Wie üblich bei Quäkerandachten, wurde die Stille mit dem reichen der Hände beendet. Ich ermuntere die Anwesenden über ihre Erfahrungen mit der Stille zu sprechen. Viele thematisierten ihre Unsicherheit mit der Situation und ihre bewähltigungsstrategien. Viel konnten berichten, das es ihnen leichter viel die 30 Min. nichts zu tun, als sie selber von sich geglaubt hätten. Ein Teilnehmer äußerte seine Skepsis über den Sinn solcher Übungen und vermutete, das er bis in aller Ewigkeit so sitzen und warten könne ohne das ihm etwas erscheinen werde oder er tiefere Einsichten oder gar eine Offenbarung hätte. Für eine andere Besucherin war es wichtig, das sie auf Jesus Christus warten würde und das sie es bedenklich fände es als Meditation zu sehen. Viele Beiträge betonen das ihnen die Stille auf verschiedene Weisen sehr gut getan hätten. Die Erklärungen, worauf sie diese positive Wirkung zurückführen, war sehr unterschiedlich.

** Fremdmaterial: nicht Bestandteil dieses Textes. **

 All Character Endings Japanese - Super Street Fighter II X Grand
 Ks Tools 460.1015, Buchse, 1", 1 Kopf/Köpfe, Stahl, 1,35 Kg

Dann fragte ich - weil mich das einfach interessierte - ob denn noch Fragen zum Vortrag aufgetaucht seien. Also Fragen zur Geschichte und Theologie. Hier kamen nun die verschiedensten Fragen, die z.T. in meinen Vortrag garnicht berührt wurden, aber alle berechtigt waren. So z.B. Fragen zu Heirat, Seelsorge, Aufnahmeverfahren, Bibel, Kindererziehung und andere Dinge mehr. Eckhard, Samar und Ich versuchten so gut wie möglich Antworten zu geben ohne zu sehr ins Detail zu gehen und die Zeit zu überspannen. Irgendwann mussten wir dann leider doch ein Schlussstrich ziehen, ob wohl es noch viele interessante Fragen gab und es Eckhard sichtlich auf der Seele brannte, noch etwas zum Gottesbild der Quäker zu sagen.
Die Versammlung wurde dann mit einem gemeinsamen Mittagessen abgeschlossen. Jeder hatte etwas mitgebracht und es war reichlich da, so das jeder mehr als satt wurde. Später dachte ich noch bei mir: Echt schade das daß nicht überall funktioniert! Wenn nur jeder das beisteuert was er hat, haben wir alle noch genug, das alle satt werden und noch ein bisschen mehr.
In nachhinein musste ich auch noch an Wolfgang Krauß und seinen Artikel „Wachsen aus den Wurzeln - Unsere Geschichte weiter erzählen“[4] denken. Ich schrieb darüber schon in einen früheren Artikel[3]. Ich glaube der Gottesdienst hätte im gefallen.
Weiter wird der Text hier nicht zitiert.